Working Out: Is There Something Better than Water and Sports Drinks?

Working Out: Is There Something Better than Water and Sports Drinks?

Water and sports drinks have been the go-to drinks for workouts. But, are there other options now? With innovations of glycogen products, athletes do have more options.

Glycogen is already in our bodies as our glucose storage system. When we eat, the unused carbohydrates are stored as glycogen. Later, when the body’s blood sugar levels drop, the glycogen is broken down to glucose that is used to fuel the body.

What Is Our Alternative Fuel Source?

When you work out intensely for more than an hour, your body may run out of the carbohydrates and glucose that it needs to move forward. Typically, athletes will hydrate with sports drinks, but are there other options? Yes!

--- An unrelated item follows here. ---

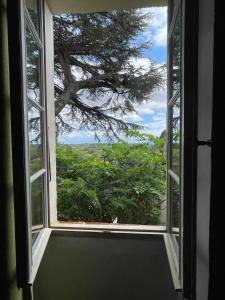 Villas La Bastide du Cedre - 20 minutes from Collioure : photos des chambres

Runners, cyclists and other athletes have turned to energy gels because of their compact size and effectiveness to help get you through that next hill or mile or set. Be sure to read the ingredients listed, and consult a doctor if you have an existing medical condition that may disagree with some ingredients.

How Do Energy Gels Work?

Muscles need fat and carbohydrates to work. Fats are broken down slowly, so the more intense the workout, the more carbohydrates you’ll be burning quickly. For marathon runners, carbohydrates are the main source of energy making it necessary to refuel during runs. Energy gels are designed to quickly replenish carbohydrates during intense workouts, as well as restore blood glucose levels to avoid light-headedness and fatigue.

The Dos and Don’ts

Low Intensity – Don’t take energy gels if your workout is short and/or low intensity. Your body doesn’t need to quickly replenish during this type of exercise, and taking an energy gel can result in high blood sugars and unnecessary calories.

Too Late Into the Workout – When you workout, your body sends less blood to your digestive system, causing it to slow down. Drinking or eating too late into a workout can result in vomiting, cramping or overall gastrointestinal upset. To prevent this, have your first energy gel within the first 45 to 60 minutes of a longer workout.

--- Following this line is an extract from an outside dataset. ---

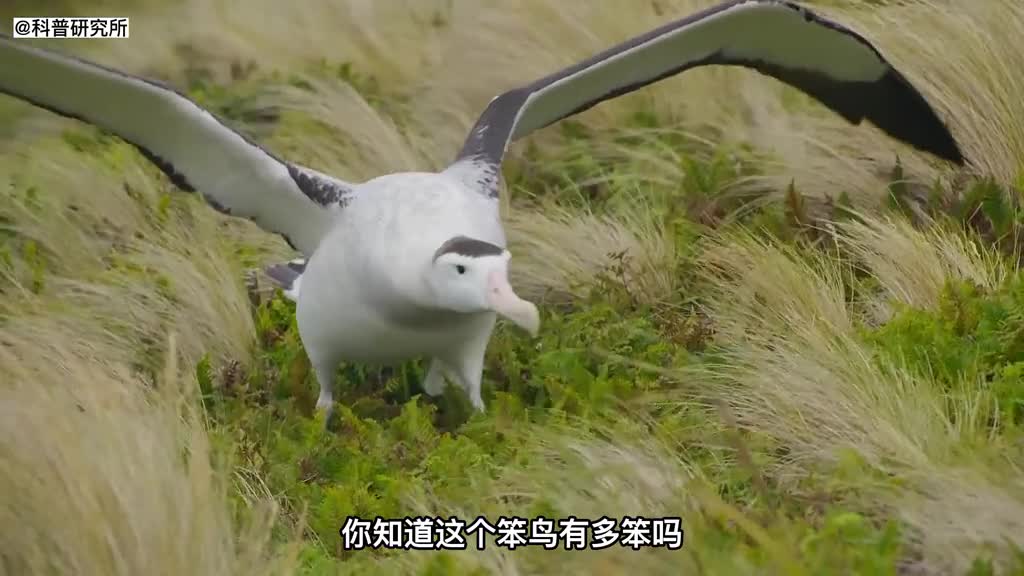 连自己孩子都不认得的笨鸟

Train Your Digestion – Practice intense exercise using energy gels to give your body time to adapt to this quick fuel source. See how your body reacts to energy gels, how they affect your workout and how often you may need to refuel.

Drink Water – Consuming energy gels when you are already dehydrated can cause excess water to be pulled into your digestive system. This worsens dehydration and can cause unpleasant symptoms like cramping, bloating and diarrhea. Drink plenty of water when taking energy gels to keep yourself well hydrated throughout intense exercise.

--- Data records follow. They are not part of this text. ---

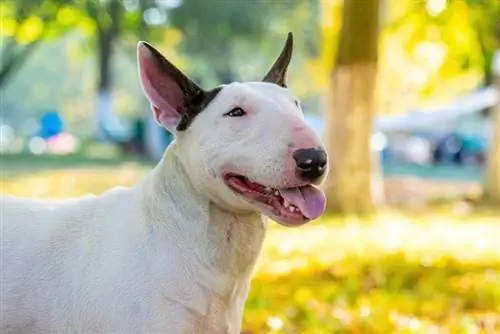 Picha ya mbwa wa Bull terrier funga kwenye maelezo mafupi nje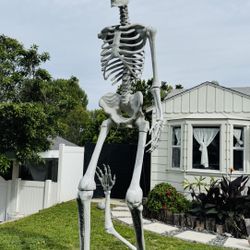 Giant Skeleton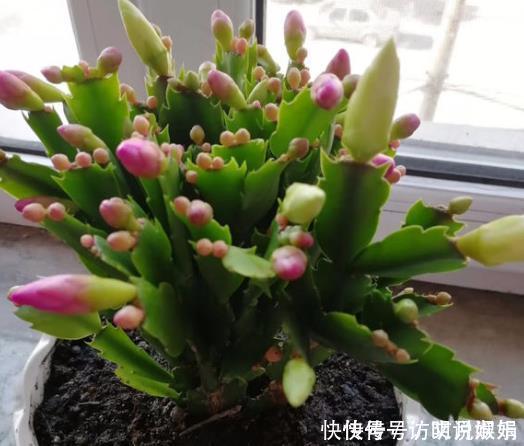 蛋壳|养蟹爪兰不开花往花盆里撒“2种废渣”，花芽长出来，开出花！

Don’t Drink Sports Drinks – Don’t combine sports drinks and energy gels. Water is your best choice. Just one sports drink and one energy gel will give your body 60 grams of pure sugar.

Let Your Body Digest – When running, cycling or working out intensely, you’ll need to gauge the best portion and timing for you. A general rule is one energy gel every 45 to 60 minutes during intense physical activity. But don’t wait for a big day to try it for yourself. Start off slowly and see how your body handles the energy gel.